Il dossier di Pagine Ebraiche
Musei, il momento di tornare in sala

I musei sono stati particolarmente colpiti dalla pandemia. Il 90 per cento ha chiuso le porte durante la crisi e, secondo il Consiglio Internazionale dei Musei (ICOM), più del 10 per cento potrebbe non riaprire più. “C’è un urgente bisogno di rafforzare le politiche che sostengono questo settore, che svolge un ruolo essenziale nelle nostre società per la diffusione della cultura, l’istruzione, la coesione sociale e il sostegno all’economia creativa”, aveva dichiarato il direttore generale dell’Unesco Audrey Azoulay nell’autunno scorso. Di fronte alla crisi e alle chiusure, molte istituzioni culturali hanno agito rapidamente per sviluppare la propria presenza in rete. Musei ebraici e israeliani non hanno fatto eccezione. È il tema al centro del dossier “Musei”, sul numero di luglio di Pagine Ebraiche in distribuzione, curato da Daniel Reichel.
Dall’Italia alla Polonia, dalla Germania a Israele, le varie realtà museali hanno lavorato per mantenere un contatto con il pubblico. Per garantire un’offerta culturale adeguata, nonostante l’impossibilità di accogliere nelle proprie sale i visitatori. Una penalizzazione forte perché, come spiega a Pagine Ebraiche la curatrice del Museo Polin Barbara Kirshenblatt Gimblett, “la struttura stessa di un museo ha una valenza pedagogica forte: l’architettura parla, è fondamentale. Il visitatore vive un’esperienza in un certo senso opposta a quella che si esperisce al cinema, dove si sta fermi e la storia di svolge davanti a noi: in un museo è il nostro movimento nello spazio che ci porta a scoprire la storia che vi è narrata, sono le nostre scelte di avanzare o soffermarci in un luogo oppure in un altro che condizionano quello che porteremo a casa a fine visita. Il rapporto del corpo con lo spazio, che è poi l’essenza dell’architettura, è fondamentale”. Anche solo andare al museo è dunque un passaggio importante dell’esperienza. Per non parlare dell’importanza di vedere un’opera dal vivo e non filtrata attraverso lo schermo di un computer o di un cellulare. La pandemia ha privato le persone di questa dialettica. Ma ha anche aperto la strada a un nuove offerte di contenuti multimediali di ottimo livello. Ha portato i musei a mettersi in gioco e riscoprire modi per raccontarsi. Una dinamica fondamentale dal punto di vista ebraico, in cui la narrazione è un elemento identitario.

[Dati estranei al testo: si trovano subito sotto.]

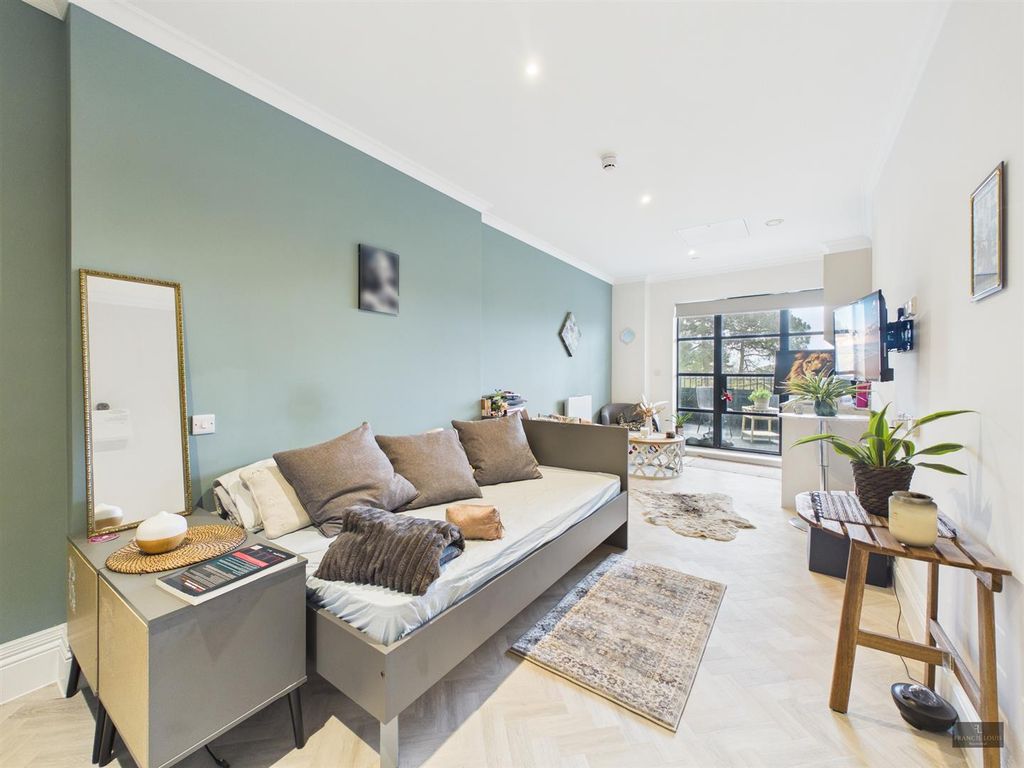 Property photo 1 of 18 Cam02887G0-Pr0613-Still006.Jpg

“L’urgente necessità di staccarsi dalla materialità degli spazi espositivi, dalle sale e dai teatri, ci ha costretti a immaginare un ambiente digitale che offra un nuovo modo di vivere l’arte, un regno virtuale che permetta di raggiungere un pubblico molto più ampio e globale – spiega il direttore del Museo d’Arte Moderna di Tel Aviv Tania Coen-Uzzielli – In generale, questi tempi di corona ci hanno unito come comunità globale e hanno introdotto una nuova dimensione virtuale nelle nostre vite, garantendoci un accesso senza precedenti ai tesori dell’arte mondiale, a figure culturali di spicco, a esperienze uniche nella vita e ad una miriade di opportunità di apprendimento. Ma dobbiamo ricordare e ricordare al nostro pubblico che il contenuto digitale è solo un surrogato limitato che non può sostituire l’esperienza fisica, viscerale e potente di vedere una mostra o assistere a un concerto dal vivo”. Per questo l’invito di Coen-Uzzielli – anche nelle pagine di questo dossier – è quello di ritornare a calpestare gli spazi dei musei. Tornare a condividere questi luoghi che, sottolinea la direttrice del Museo ebraico di Francoforte Mirjam Wenzel, sono anche “presidi di cittadinanza e di partecipazione” dove porsi domande sulla società.